I think the real killer for me is the lack of responsibility associated with open source software. There’s an old adage in business – if you don’t want grief from a customer don’t charge them. No-one can possibly complain about something they got for free. This is the one insurmountable problem. You haven’t got a leg to stand on when something goes wrong. Sure people will tell you this is the value add, but I just don’t agree. Personally I’d rather pay for something and then scream blue-murder when it does not work. Do I really want to be screaming at someone who has simply taken it upon themselves to be accountable, or at the person who really is accountable?
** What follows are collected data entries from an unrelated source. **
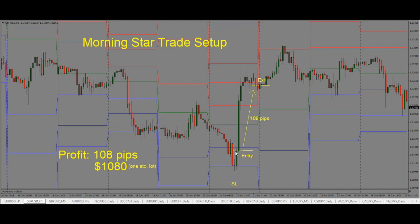Once we see this trade setup, we enter our trade long and we're looking for price to go higher, staying with the trade for as long as price is going higher. Once price comes into the previous support and resistance area — and we are also at our R2 pivot point level — we can exit the trade. We also have an Eveningstar trade setup forming, so there are multiple factors coming together showing us this may be the point where price will turn. From entry to exit, we get 108 pips in our trade.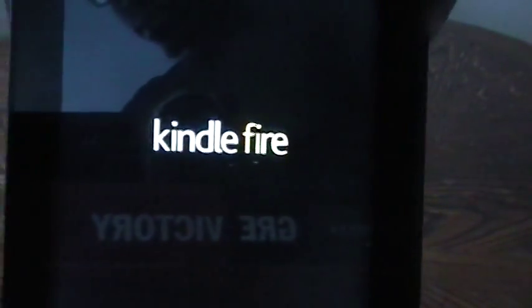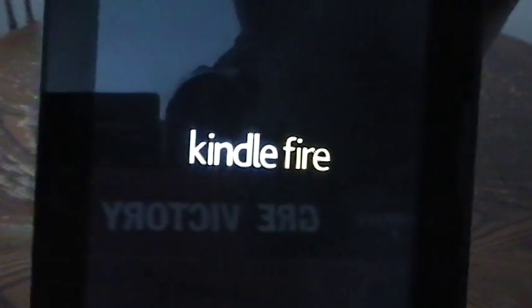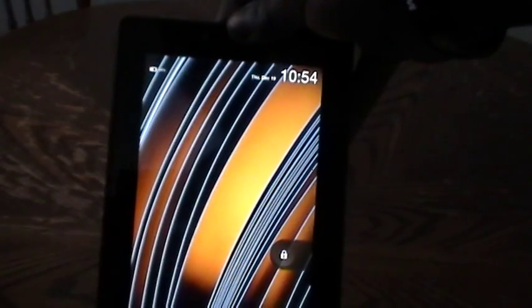Now if you're getting to this screen and not going any further, then that means you basically have a software issue with your Kindle. The best thing to do is to contact Amazon help in order to actually get help with the software on your Kindle.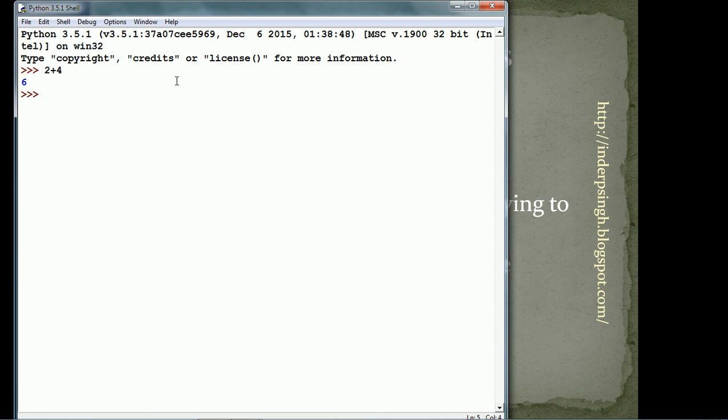2 plus 4 is 6. 2 times 5 is 10. We can use the Python interpreter as a calculator.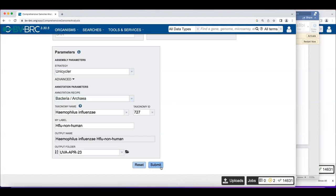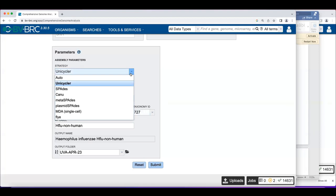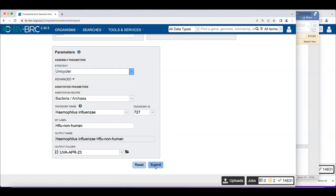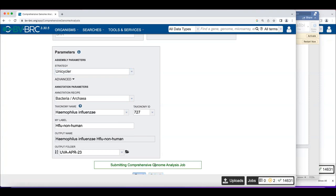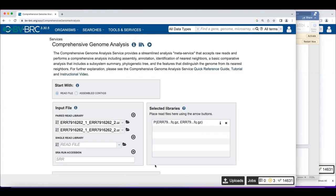If you have long reads, you can do a hybrid assembly. Unicycler is smart enough to recognize when you have a mixture of short and long reads and can use the long reads for polishing. The auto recipe is also smart enough to handle a co-assembly. You would not mix long and short reads as pairs — you'd have a paired-end set and then a single read library for the long reads, pushing each separately into the job interface.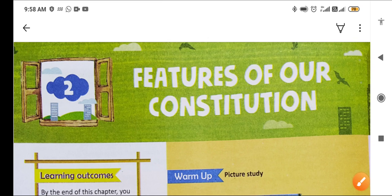Hello dear students. This is class 8 Social Studies, part Civics, chapter 2 of Civics. The title is: Features of Our Constitution.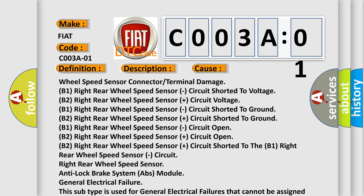Right rear wheel speed sensor, Anti-Lock Brake System ABS Module, General Electrical Failure. This subtype is used for general electrical failures that cannot be assigned to a specific subtype category information.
I know this has turned into a bit of a rant, but I felt it needed to be said. There are an army of people at present espousing the virtues of open-source software and it seems far fewer its paid-for equivalent. Ultimately software is an IP commodity the same as all others and it needs to be paid for the same as all others. Developers need to feed themselves and put a roof over their heads. Up until now open-source development has been subsidized by others so that developers can spend their spare time producing it. This is not a model which can go forward. Those that really think open-source can be free have clearly missed the point. By Schwartz’s admission the free element is just a lure to extract additional value-add services. People will soon get wise to this. By definition nothing can be free, it can simply be dressed up as so. So let’s stop kidding ourselves and just pay for what we use. Let’s also stop bashing companies such as Microsoft for apparently ‘ripping us off’ by daring to charge for something they have painstakingly produced at great cost.